I loved the way Douglas’s first thoughts were to his formative cooking experience, the first dish he remembers making in a restaurant, and how it became his mussel billi bi soup. I once had a version of that soup at his restaurant Cyrus in 2007. It had so much mussel flavor I can still taste it. To taste it at finale was, for me, like the past come back to life. And for him, someone now so inspired by the lightness of Japan, to reach back to the glories of a wallop of cream and brine… it felt like he was starting the meal by going back to his roots. 

I loved the way Bryan went in another direction, going to the first dish he ever cooked for his wife. I thought his dish was fantastic: the sweet subtlety of crab hovered over the grains and the egg yolk, but honestly, I also could’ve eaten the OG version of a sautéed chicken breast with crab and cream sauce. I kind of miss food with names like Chicken Chesapeake. Who will be the brave soul to bring back ye olde cruise liner food in their restaurant? But anyway, Bryan’s cooking impressed me through the whole season with its creativity and intelligence—I was shocked to realize he hadn’t actually won a challenge until the end—but it was so great to see, in the end, how grounded he feels in his emotional side as a person and as a chef. The dish was light; it felt full of possibility.

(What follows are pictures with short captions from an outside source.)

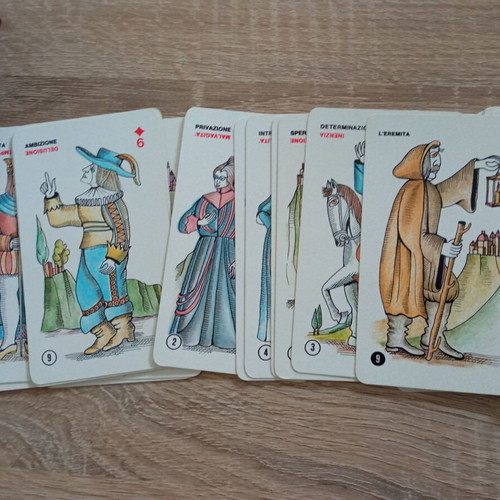 Vintage Taro Tarocco Indovino Dal Negro card deck used, 80 cards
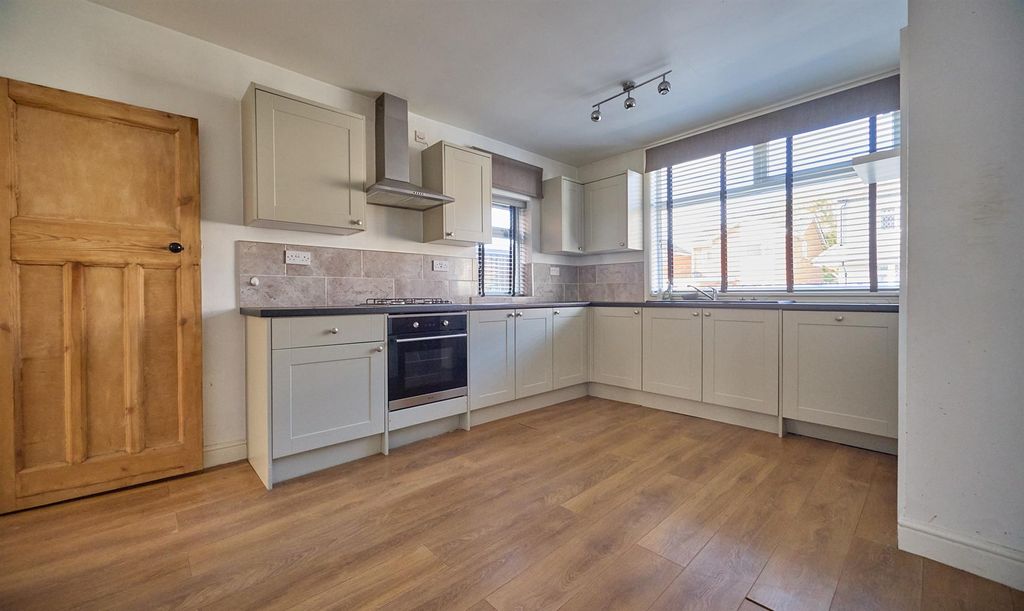 Property photo 2 of 15 Dining/Kitchen To Front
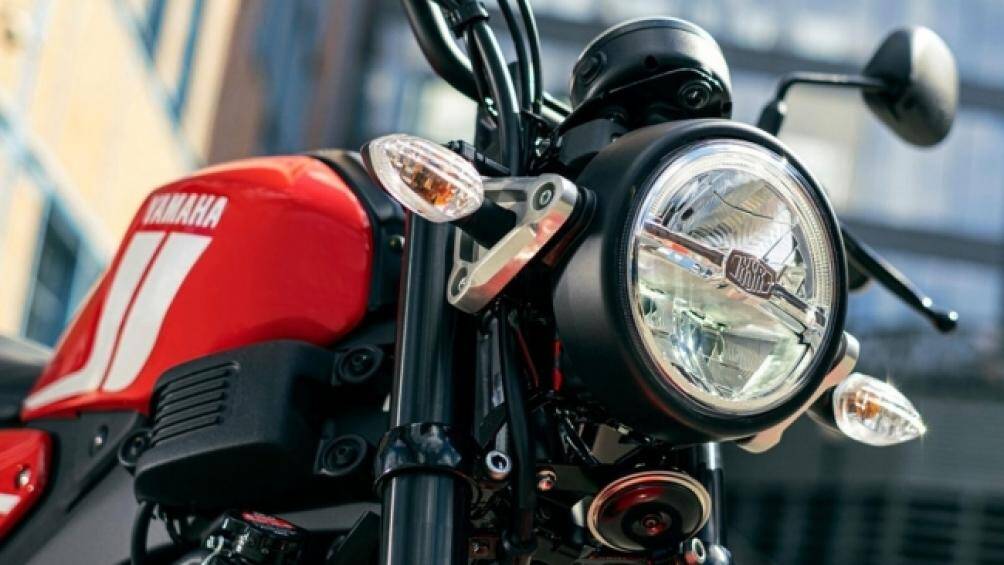 Phần đầu của Yamaha XSR 125 có chóa đèn hình tròn đậm chất cổ điển kết hợp với bóng LED hiện đại, đèn xi-nhan sử dụng bóng halogen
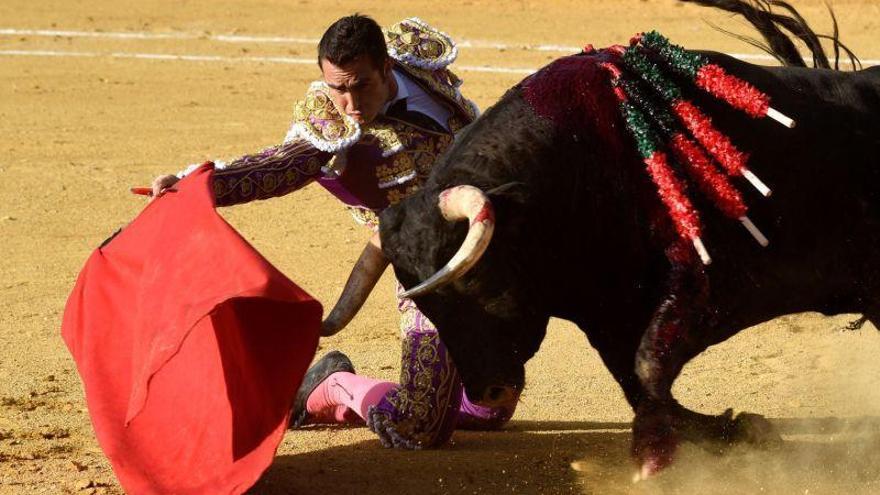 El Fandi cumple con lo previsto y abre la puerta grande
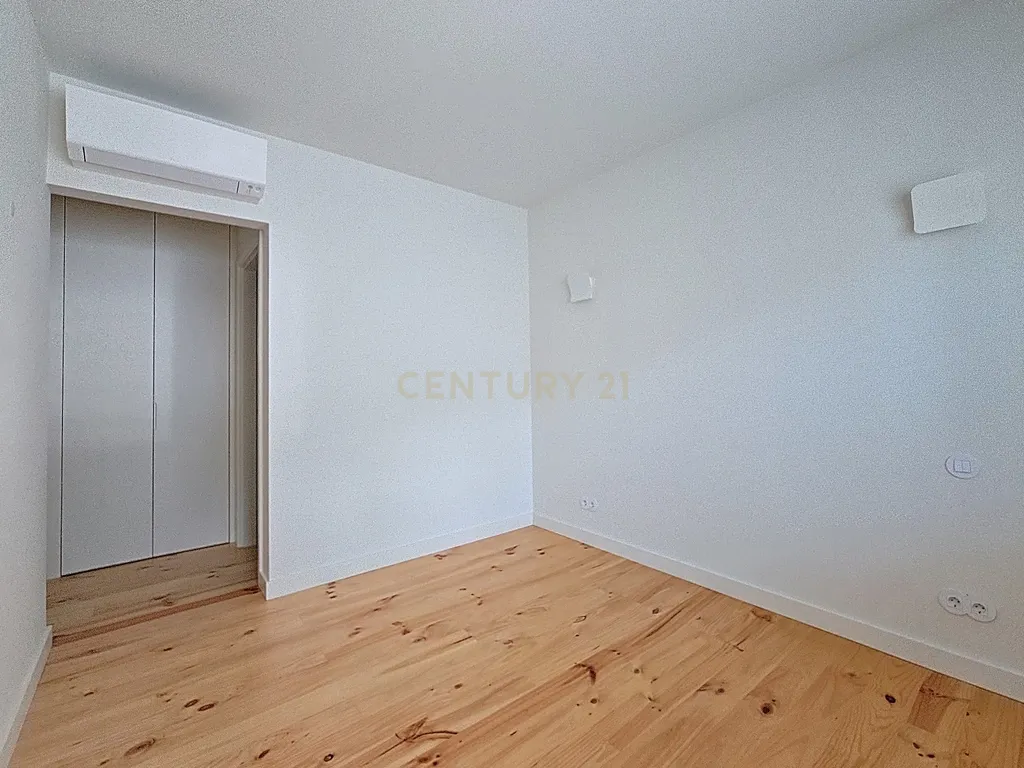 Apartamento T2 Novo – Rua do Bonjardim, Porto - Image 21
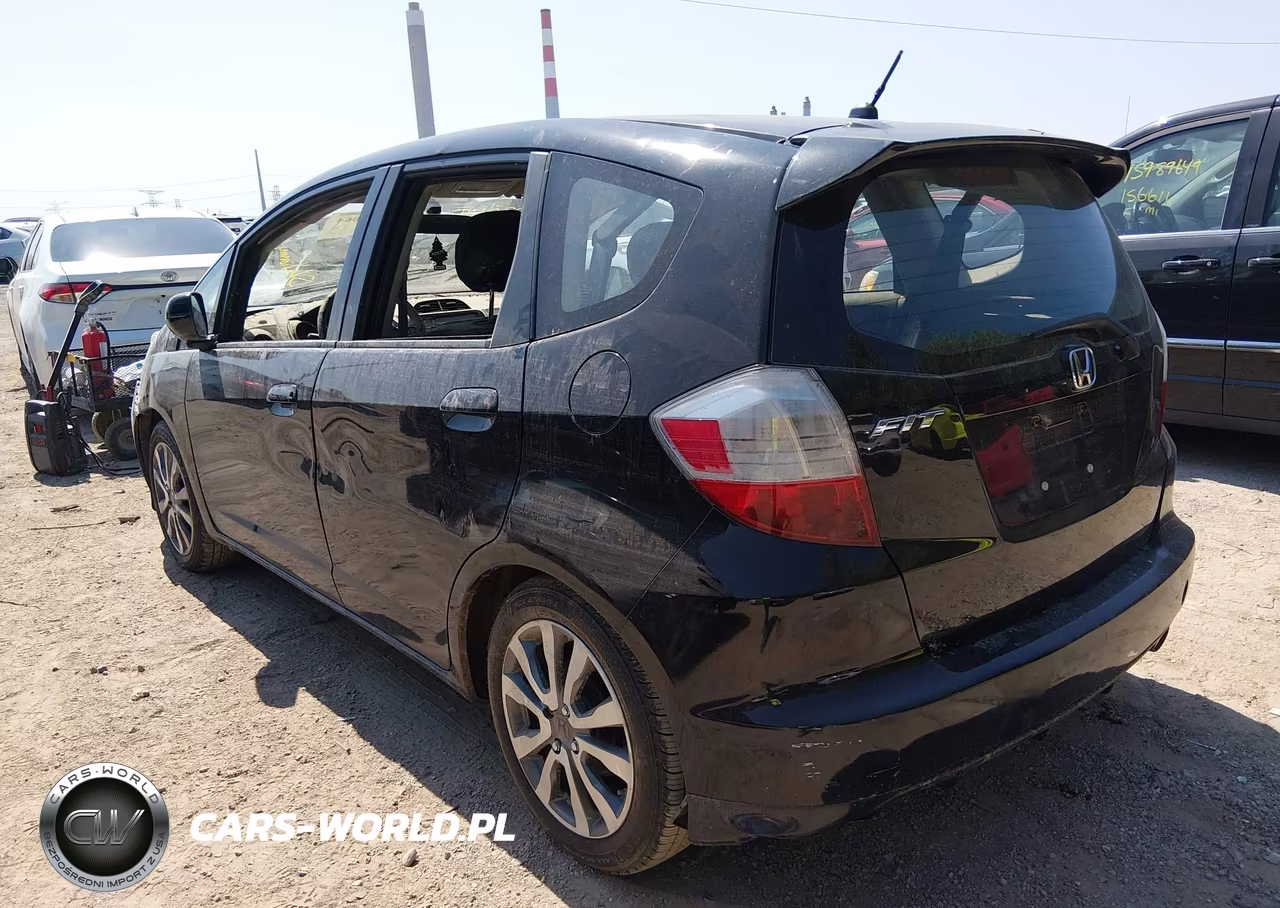 2012 Honda Fit Sport VIN:JHMGE8G59CC034214 - 3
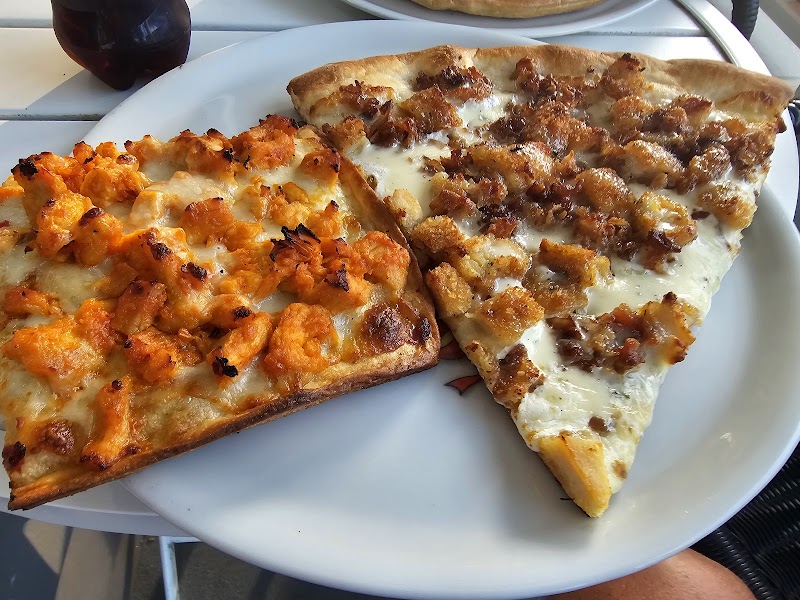 Amore Pizzeria & Italian Kitchen - Katonah photo 2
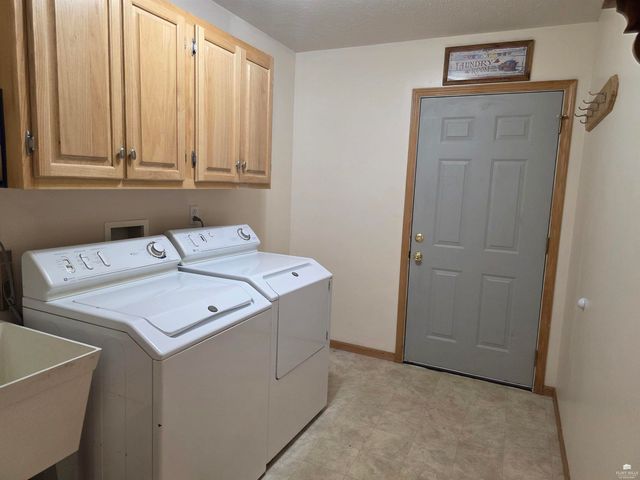 913 N Elm Street, Abilene, KS 67410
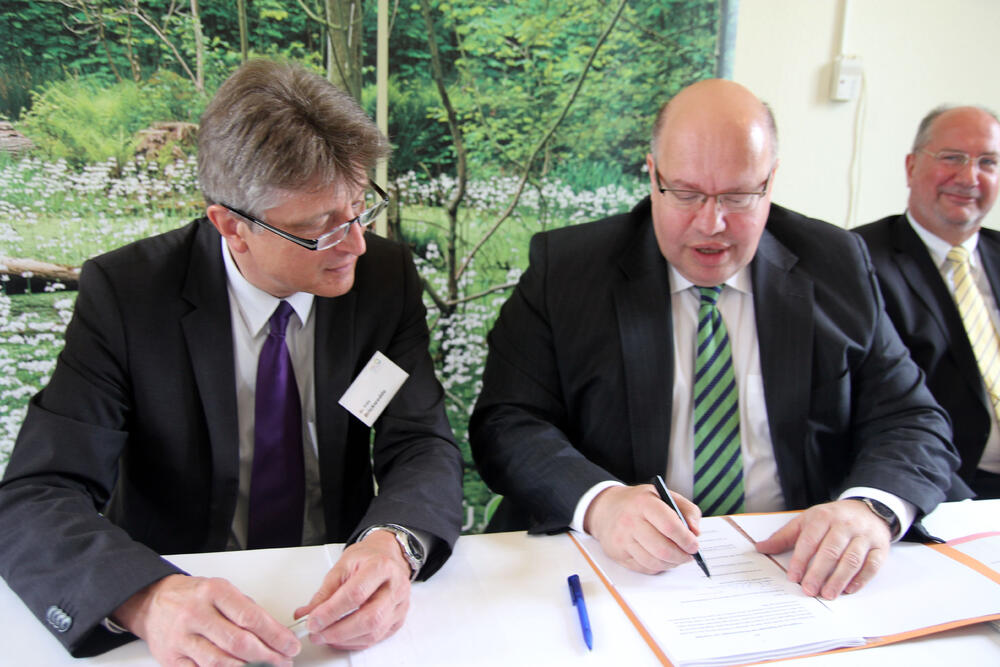 Vertragsunterzeichnung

You could tell his was cooking with the memory of being at the start of something, the excitement of it. 

And I loved it when Jen took the “something borrowed” part of the dinner as a chance to nod to her old mentor Wolfgang Puck, from when he was borrowing from Chinese cuisine at Chinois on Main. Her “Chinese duck with shiitake broth, eggplant, daikon, grilled bok choy, and duck wonton” was too busy, too over the top, too 1992… and just freaking awesome. Just like L.A., really. (I used to think that L.A. is stuck in the '80s and '90s, until I realized that, no, it’s just that in the '80s and '90s, the rest of the country was just trying to be like L.A.) I hadn’t had the pleasure of eating her food before Top Chef Masters, but I could see a direct line between what she was “borrowing” and her own food: it pulls flavors from a global palette—pulls them mightily, puts her back into it—to come up with thoroughly American dishes. Her cooking is so muscular, so full of umami and depth and, when she wants to use them, pungent spices. 

There were many other dishes that day: thrilling ones (Bryan’s white-on-white dessert), masterful ones (I mean, you try to wrap a piece of fish in individual noodle strands like Douglas did!), just bang-up delicious ones (Jen’s paella gnocchi. That is all.) But I most loved seeing into these chefs’ past and how they went from there to who they are today. I haven’t had a chance to talk with them yet, but I wonder which of them will say that writing the menu was easy. All three of these chefs were so good, their cooking so assured, I wouldn’t be surprised to hear that from all of them.